Tadi siang, tepatnya saat mereka pergi bersama, ada yang mengganjal di benak Rahel hingga sekarang. Adiknya, Nica, sama sekali tidak mengenal Marcel. Rahel menatap langit-langit kamar dengan dahi berkerut, tentunya sesudah membersihkan tubuh dan menyelesaikan makan malam.
"Memang, dulu Marcel nggak pernah lihat Nica. Sekolah gue sama Nica beda, tapi, bukannya Marcel pernah ke sini, ya? Pas gue lihat kertas kecil yang di tinggal Marcel gitu aja, karena waktu itu dia nggak siap ketemu gue. Apa itu bukan Marcel?" gumamnya bingung dengan kejadian tadi saat Marcel dan Nica berjabat tangan untuk berkenalan.
"Bener-bener kayak orang yang baru pertama kali ketemu." Pikirannya mengngat kejadian tadi lagi. "Gue harus mastiin, apa emang Nica baru kenal atau sebenernya dia udah pernah lihat Marcel! Gue harus tanyain ke bocil itu."
Rahel berjalan cepat ke arah pintu kamarnya. Berniat untuk membuka karena mendengar ketukan pelan. "Gue mau masuk, ada yang mau gue omongin," ucap sang pengetuk pintu.
"Sama, gue juga. Lo soal apa?"
"Marcel."
Tersenyum dan mengangguk, Rahel berkata, "Pas banget."
"Apa bener ini anak mau ngomong kalau sebelumnya dia udah pernah ketemu sama Marcel? Dia mau jujur kalau udah kenal sama Marcel dari kemarin-kemarin? Dan bukan pas waktu tadi siang itu? Kenapa harus bohong di depan gue, seolah-olah kayak baru kenal? Aneh," batinnya seraya menatap sang adik hati-hati.
"Kenapa? Lo mau bilang 'kan kalau sebenarnya Lo itu udah pernah ketemu Marcel. Waktu dia ke sini itu, dan lo panggil gue, lo dateng ke kamar gue waktu itu buat turun ketemu dia di ruang tamu," sambung Rahel.

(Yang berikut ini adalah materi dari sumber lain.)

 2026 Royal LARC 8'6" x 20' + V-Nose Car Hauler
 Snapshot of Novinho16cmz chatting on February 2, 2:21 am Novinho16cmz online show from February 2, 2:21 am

Nica menautkan alis, bingung. "Hah?! Ngomong apaan sih lo? Ngelantur ... gue nggak tau arah pembicaraan lo, bingung gue."
"Gini deh, gue mau tanya. Lo kenal kan sama Marcel? Masa lo lupa?"

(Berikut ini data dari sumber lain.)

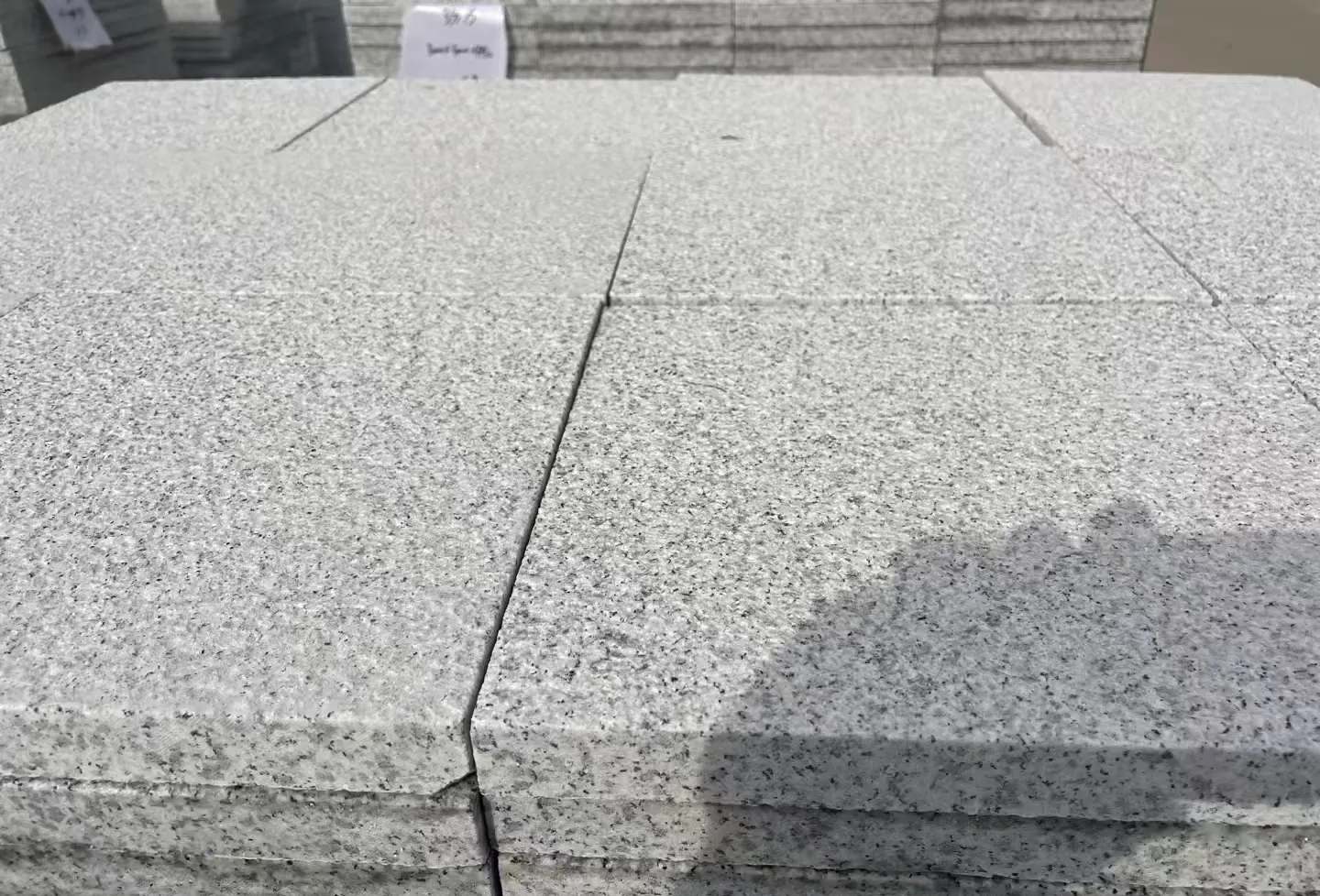 湖南 白麻花岗岩石材推荐 荔枝面地铺石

"Lah, iya, tadi gue kenalan sama dia. Masa iya, baru tadi siang gue kenalan gue udah lupa? Ngantuk lo, Kak, tanya begitu? Aneh."
"Maksud lo apa? Lo beneran baru ketemu Marcel cuma waktu tadi siang ...?"
"Lah, menurut lo?"
"Udah lama kenal," jawab Rahel enteng sambil merebahkan dirinya di atas kasur.
"Lo aneh deh, kerasukan lo?"
"Gue lagi nggak bercanda, Nic."
"Lah, siapa yang bercanda? Gue pikir lo yang lagi bercanda. Ngomong segala kalau gue udah lama kenal sama Marcel. Ngantuk beneran lo ...?" menyusul Rahel yang tiduran di kasurnya.
"Lo beneran baru lihat dan kenal dia hari ini, Nic?" tanya Rahel yang mulai memikirkan sesuatu.
"Iyalah. Buktinya tadi, gue salaman sama dia. Ganteng juga gebetan lo, Kak."
"Dia sahabat gue dari kecil. Baru ketemu lagi ya sekitar beberapa hari yang lalu."
"Oh … gue baru tahu kalau lo punya sahabat laki, lo kan anti."
"Gue udah bilang, dia sahabat gue waktu kecil. Anti? Lo pikir gue apa? Gue normal."
"Ha … ha … siapa yang bilang lo nggak normal?"
"Serah. Terus, lo ke sini katanya mau ngomong soal Marcel? Tentang apa?"
"Dia suka sama lo."
Menelan ludah, Rahel mendelik sebelum menatap Nica. "Apa?! Ngarang lo!" Rahel sangat terkejut, tapi mencoba untuk tenang dan memikirkan hal lain yang jauh lebih penting dari ini.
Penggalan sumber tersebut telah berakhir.